Access to Information and Property. From and after the Agreement Date, Seller shall allow Bedford and its agents and consultants, continuing access during business hours, to (i) the books, financial reports, and records of Seller relating to the Property (excluding information concerning construction costs for the buildings and improvements comprising the Property, capital expenditures for the Property and land prices), (ii) all tenant files and correspondence relating to the Property and the Leases, and (iii) upon twenty-four (24) hours advance notice to Seller, and Seller's prior consent not to be unreasonably withheld and subject to Seller's right to have representatives accompany Bedford, to the Property. Bedford shall have no right to drill test wxxxx or take soil borings without Seller's written consent, which Seller may condition upon such terms, conditions and undertakings as Seller, in its sole discretion may impart. To the extent Bedford desires to view any portion of the Property occupied by tenants, Bedford shall provide seventy-two (72) hours advance notice (not including weekends or holidays) and subject to the provisions of the applicable Leases, Bedford shall be entitled to view such portions of the Property accompanied by representatives of Seller.
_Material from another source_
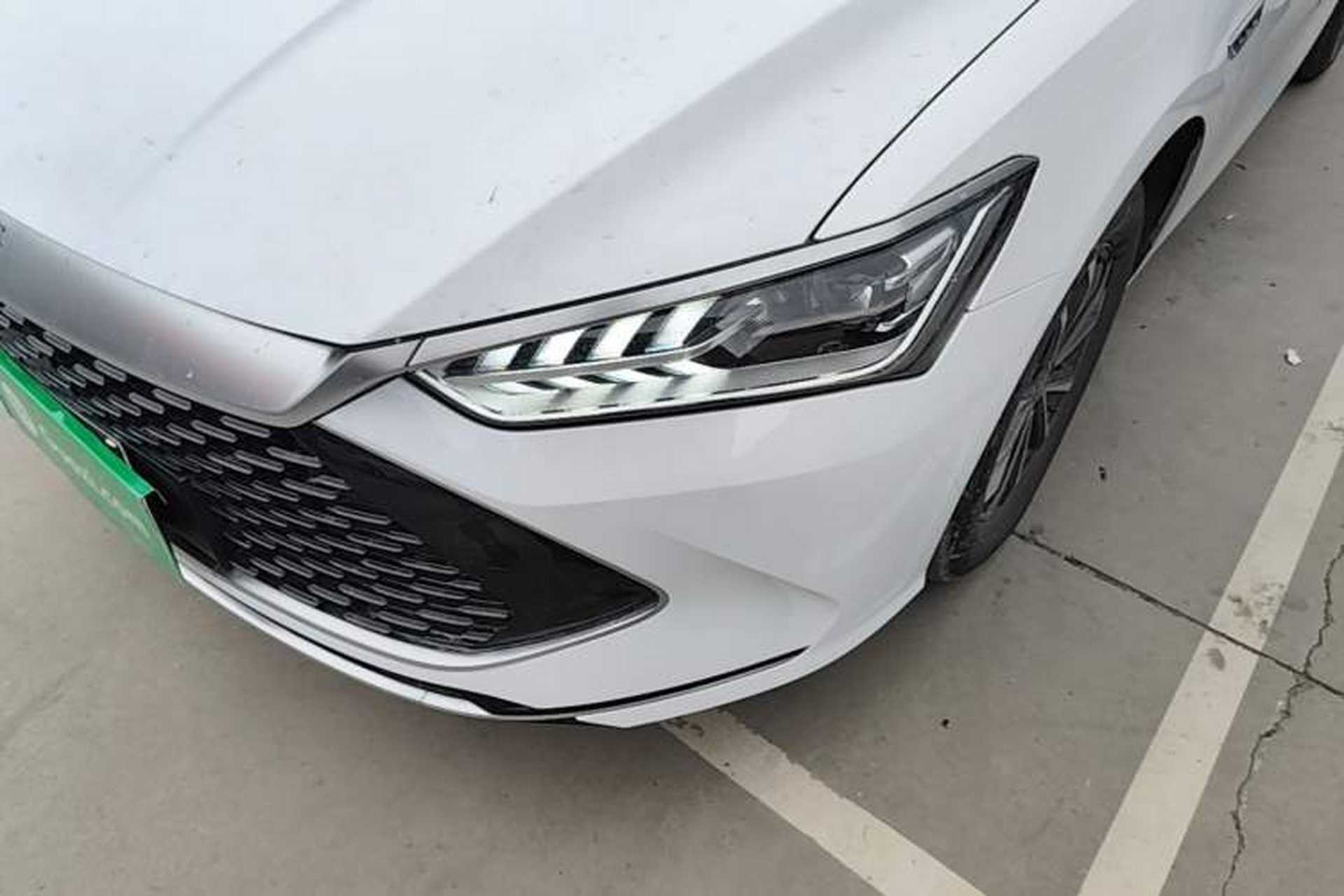 Used BYD Qin PLUS 2024 HONOR Edition DM-i 55KM Leading Model Left Front Headlight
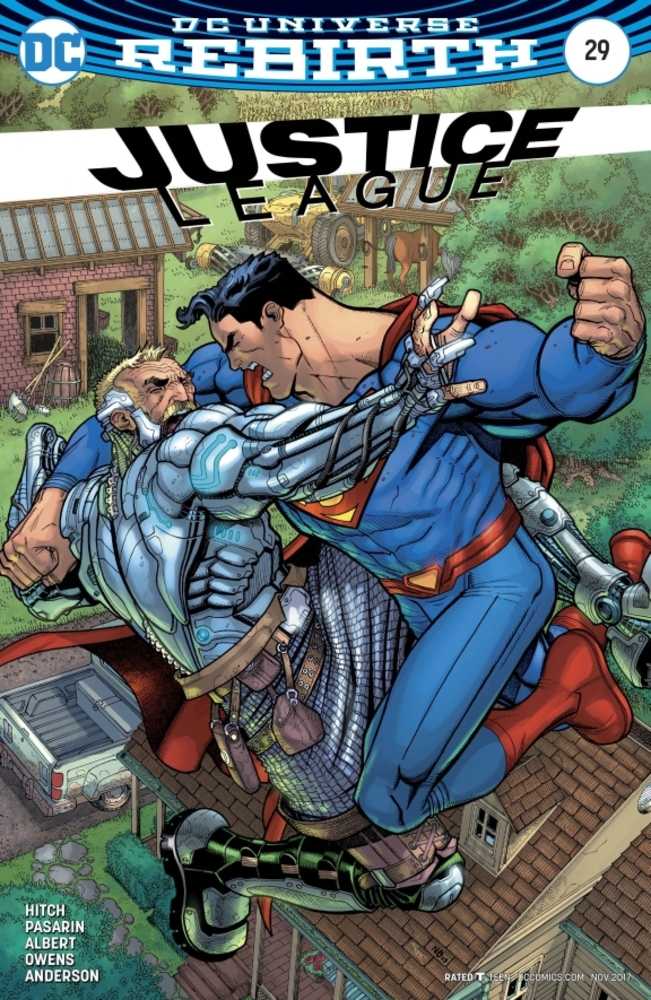 Justice League (2016) #29 Variant Edition <BINS>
Bedford agrees to indemnify and hold Seller harmless from any damage or injury to persons or property caused by Bedford or its agents or consultants during their entry and investigations prior to Closing, but Bedford shall not be responsible for any defects or contamination discovered as a result. This indemnity shall survive the termination of this Agreement or the Closing, as applicable, provided that Seller must give notice of any claim it may have against Bedford under such indemnity within twelve (12) months of such termination or the Closing Date, as applicable, if the claim involves damage to Seller's Property.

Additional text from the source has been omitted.